Aside from the slightly sticky chew it is not something I would immediately identify as caramel. The first bite announces itself with a floral sourness that warms slowly into a spicy fruitiness as you chew. The finish is buttery and warm. The peppercorns effect leaving your tongue with a pleasant tingling glow that last long after the caramels flavor dissipates. It’s subtle though. Not like a chili pepper, not a burn.
It’s just something you have to experience for yourself.
Are these worth making again? Oh hell yes!
I didn’t measure as I was creating so this is what I will use the next time I make it.
Szechuan Peppercorn & Kumquat Caramels
2 generous cups kumquats
1 ½ cups water
2 cups table sugar (I used vanilla sugar)
1 cup raw sugar
1 heaping tablespoon Szechuan Peppercorns
3 Star Anise
3 cinnamon sticks, broken
½ cup crème fraîche or heavy cream
6 tablespoons butter (about 3 oz)
To candy kumquats:
Wash and dry the kumquats and slice into ¼ inch rings.
In a heavy sauce pan over medium high heat toast the cinnamon, star anise, and peppercorns until fragrant. About 30 seconds. Add the water and then the sugar. Stir to combine and bring to a boil. Cook until all of the sugar is dissolved. Add the kumquats and bring to a boil again. Lower the heat until the mixture barely simmers.

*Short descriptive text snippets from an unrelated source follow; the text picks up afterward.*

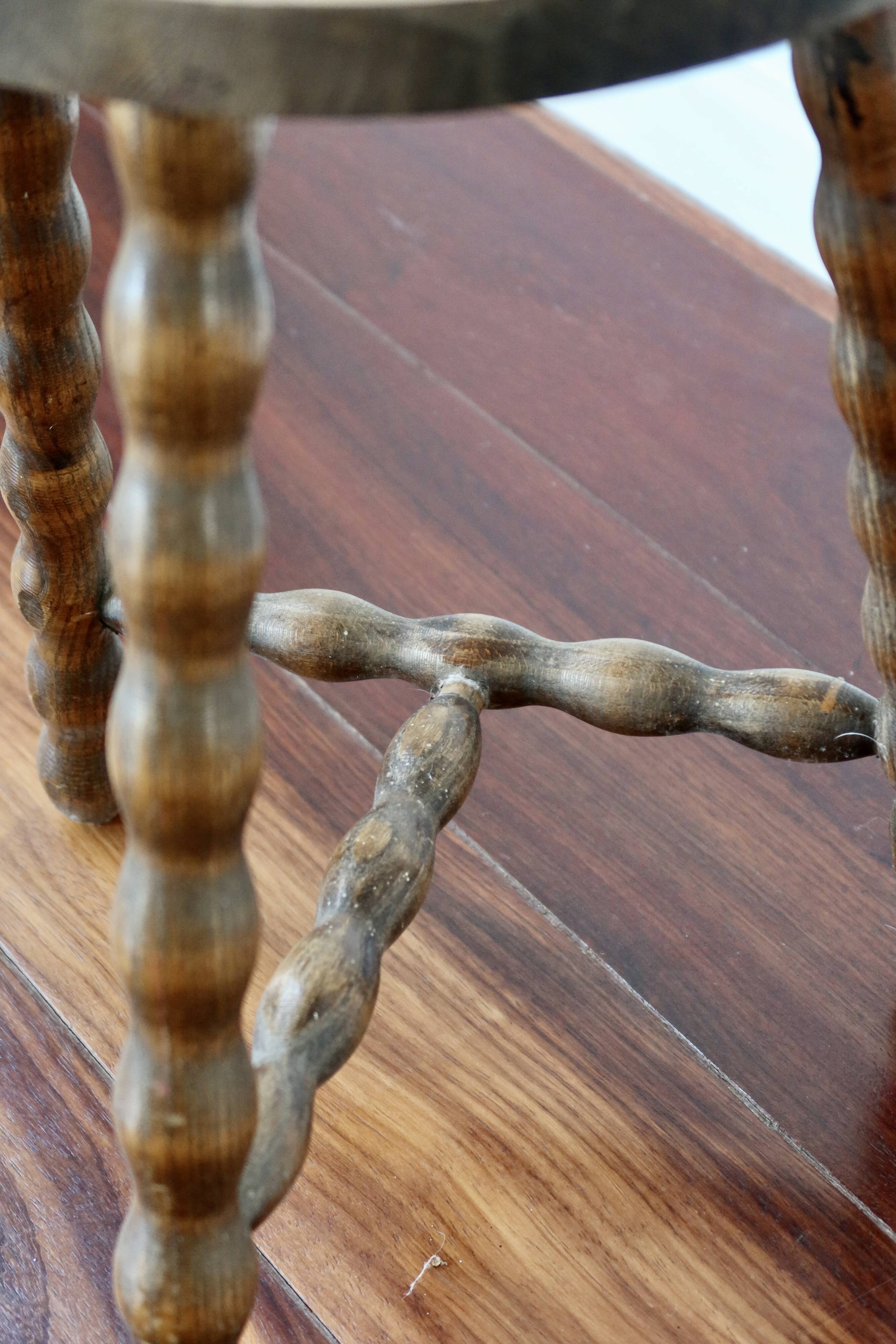 Tabouret ancien tripode en bois tourné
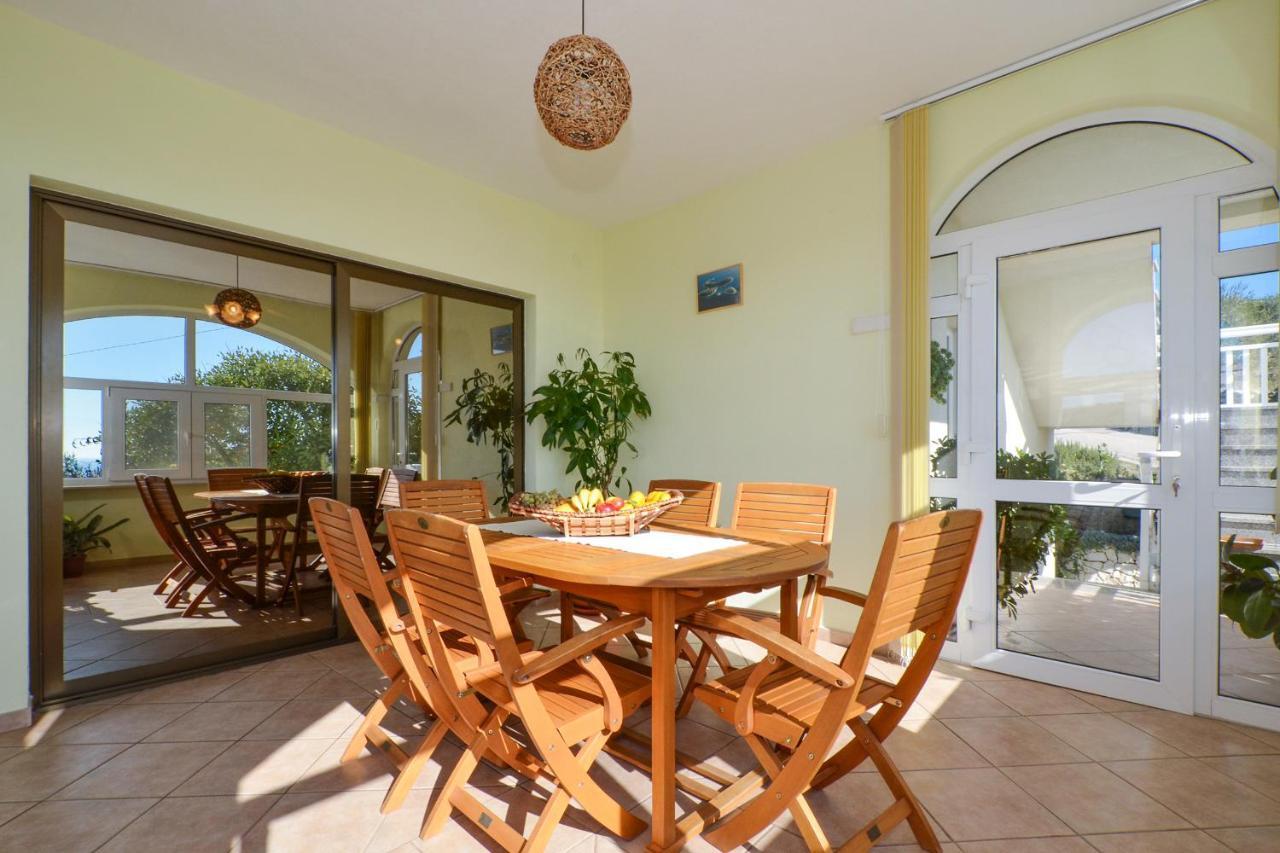 Apartment Apartment Una Seget Vranjica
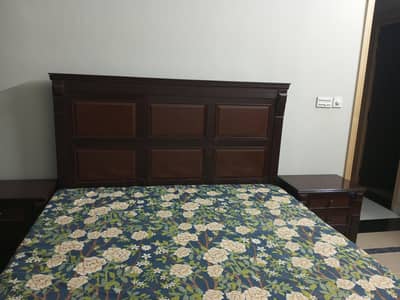 Brand New King Size Bed with 2 Side Tables – Used Only 15 Days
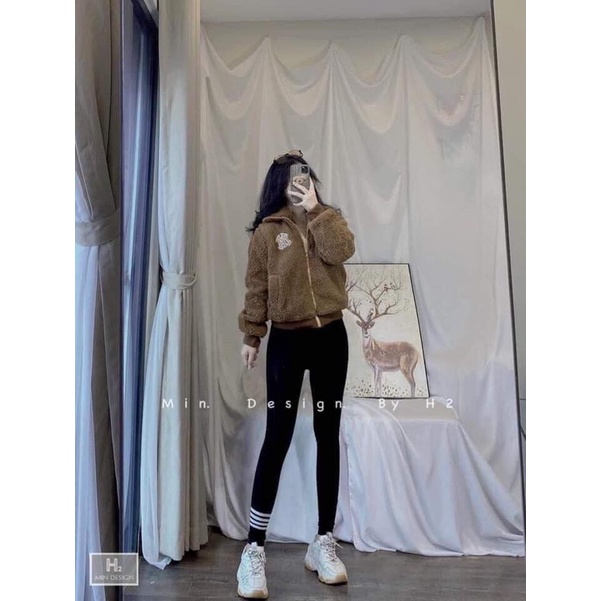 Áo khoác lông chữ vải lông cừu thêu logo nổi phối bo len ôm dáng | BigBuy360 - bigbuy360.vn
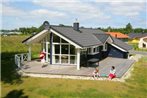 Three-Bedroom Holiday home in Gro?mitz 2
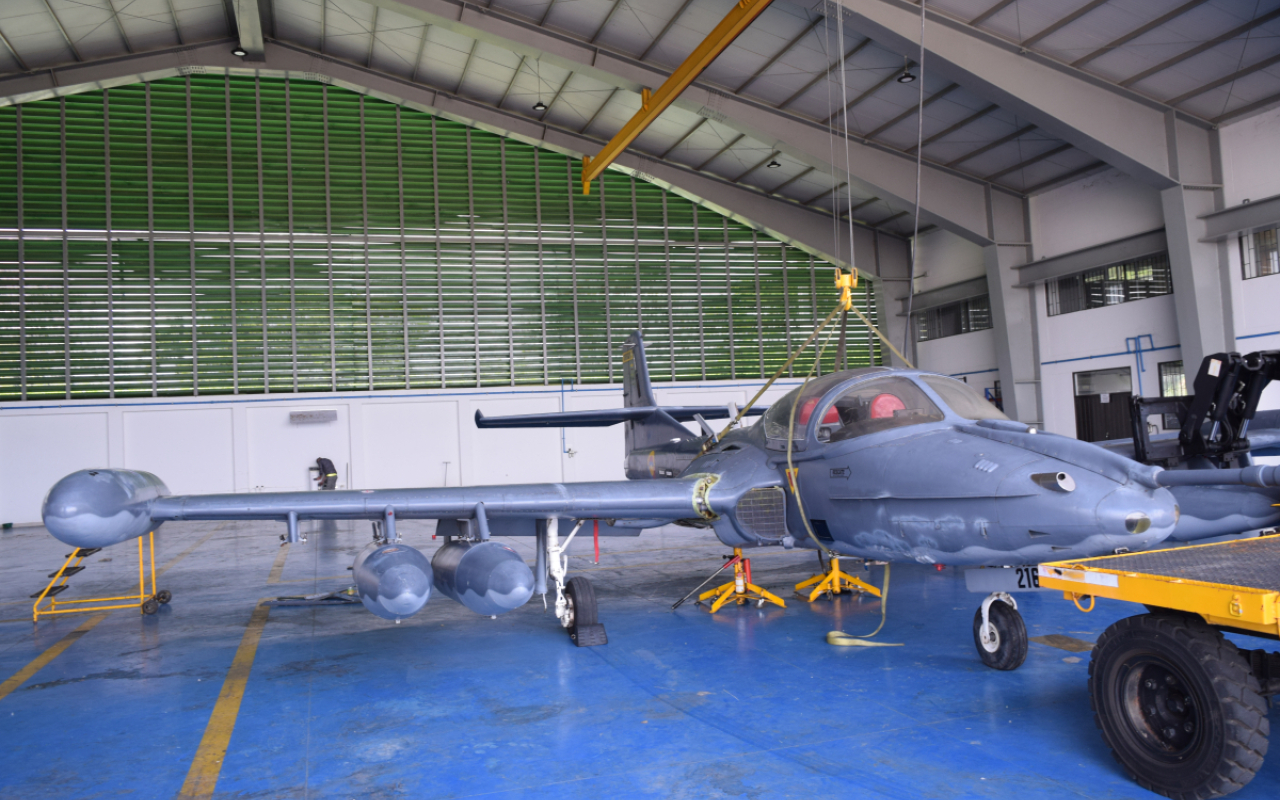 Exhibición histórica de la aeronave Dragón Fly A-37 en Yopal, Casanare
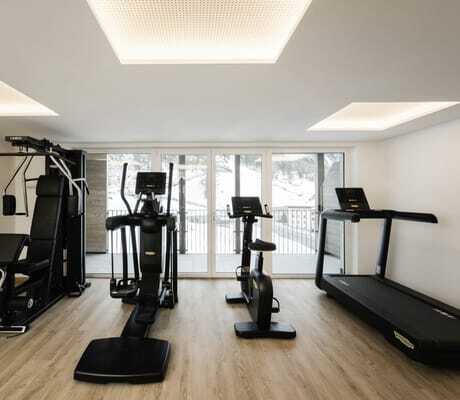 Im Fitnessraum des MyParadies in Sulden erhalten Aktive einen Panoramablick.
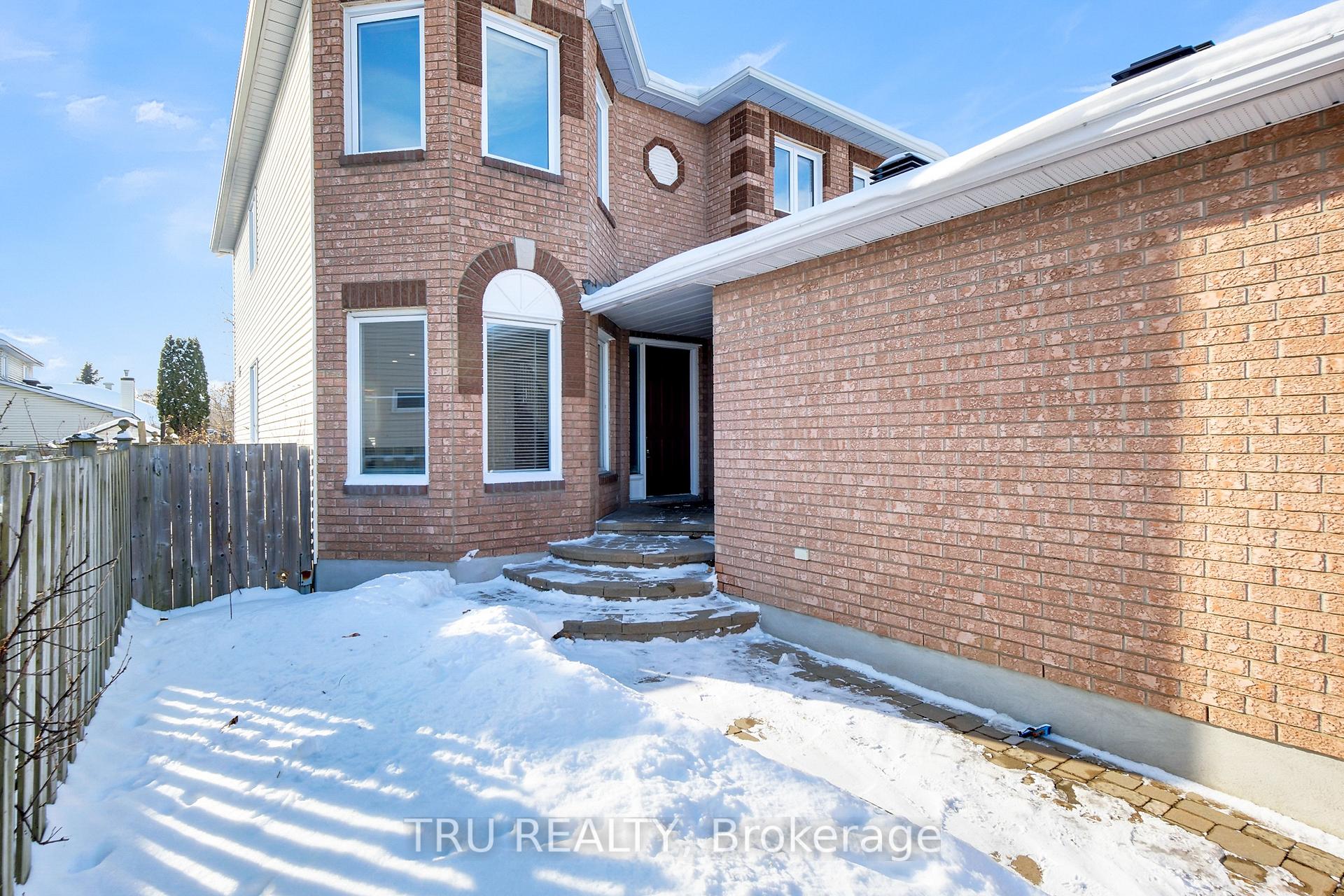 Photo 2 of 1965 Jasper Avenue, Ottawa, Ellwood — HOMEH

Simmer for about an hour to an hour and a half or until the kumquats are translucent all the way through.
Remove from heat and strain out the kumquats and spices over a high-sided pot. Allow to drain for a few minutes then spread onto a parchment lined baking sheet.
Pick out the spices and discard.
Allow to dry over night then roll in regular table sugar.
Store in a cool dry place.
To make the caramel:
Return the sugar syrup to the stove over medium high heat. The high sided pan will keep the sugar from boiling over. Affix a candy thermometer to the side of the pan. DO NOT STIR. Allow the sugar to come to boil. The mixture will bubble voluminously. If it start to escape the pan, lower the heat and blow gently on the bubbles to get them to sink (do not blow too hard as this will cause the caramel to spatter and hot sugar is culinary napalm).
Boil until the sugar reaches 240 degrees, softball stage.
In the mean time remove the butter and cream or crème fraîche from the fridge. Slice the butter into 6 pieces. Place the crème fraîche into a microwave safe container.
Once the sugar has reached the softball stage, remove it from the heat and drop in two pats of butter. Stir gently until fully incorporated. Remove the candy thermometer if it’s in the way.
Microwave the crème fraîche on high until hot (about 30 seconds).
Add another pat of butter and pour in the crème fraîche, stirring continuously until incorporated. Continue adding the butter until it’s gone. The last pat should take a while to melt and the mixture should be glossy.
Return the caramel to the stove and bring to a boil over medium high heat. Reaffix the candy thermometer to the side of the pan. The caramel should have cooled off quite a bit by now. Cook on medium high, stirring occasionally until the caramel reaches 260 to 265 degrees, hard ball stage.
While the caramel comes up to temperature, line a baking sheet with non-stick foil or parchment paper.
When the caramel has reached 260 degrees, remove from heat and stir until the bubbles subside. Pour the caramel onto the prepared cookie sheet and chill until firm.
Cut the caramel into squares and wrap in waxed paper. Store in an airtight container; in a cool, dry place. I prefer to keep mine in the fridge.
* I should be fair here and explain something. This technique of making caramel is something I picked up from the love and terribly talented Chez Pim. So while the recipe is mine I must give kudos to her for introducing me to the method of making caramel from the remains of candying fruit. If it wasn’t for her none of this would be possible.